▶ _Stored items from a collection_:
________________
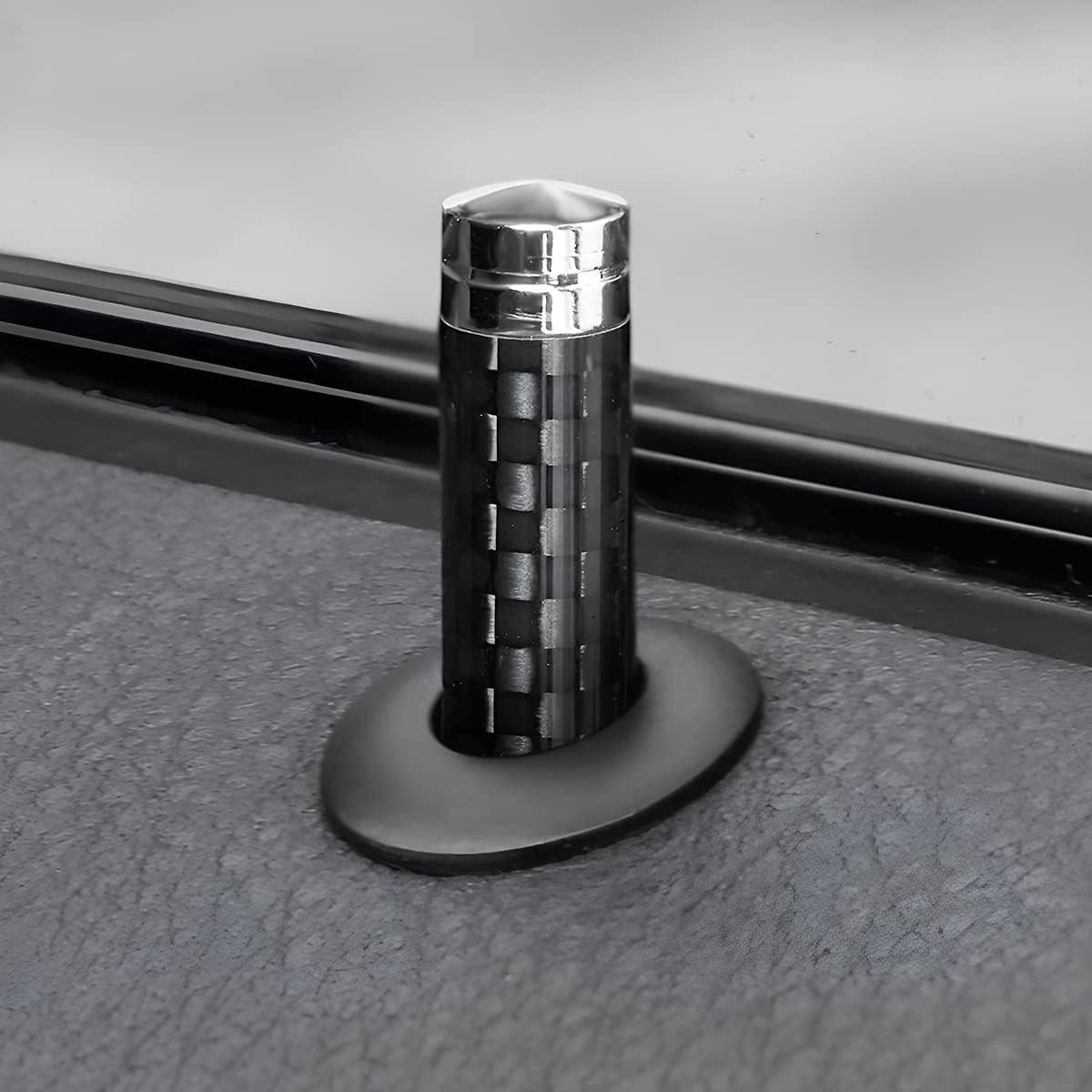 Cubiertas de Pin de Cerradura de Puerta Auto Moly Magnolia 4PCS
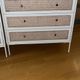Pair of wooden and cannage chests of drawers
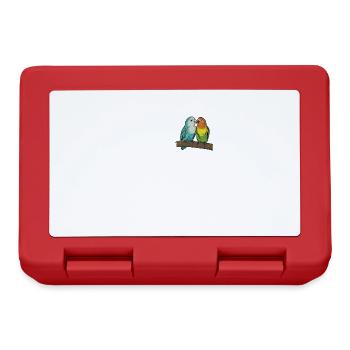 Rose head I Inseparable motif for - Lunchbox - red - Front
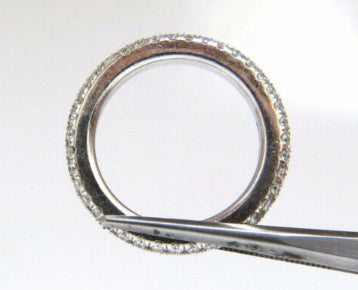 10.63ct Natural Round Baguette Diamond Rings Stacking 3 Revolver Platinum 14kt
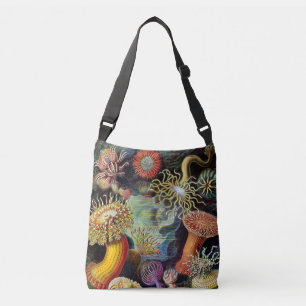 Bolso Cruzado Actiniae de Ernst Haeckel Crossbody Bag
________________
▶ _REQUIRED WORK_: Each line of the records is to be reproduced exactly, and each picture dropped.

▶ _YOUR RESPONSE_:
 Cubiertas de Pin de Cerradura de Puerta Auto Moly Magnolia 4PCS
Pair of wooden and cannage chests of drawers
 Rose head I Inseparable motif for - Lunchbox - red - Front
 10.63ct Natural Round Baguette Diamond Rings Stacking 3 Revolver Platinum 14kt
 Bolso Cruzado Actiniae de Ernst Haeckel Crossbody Bag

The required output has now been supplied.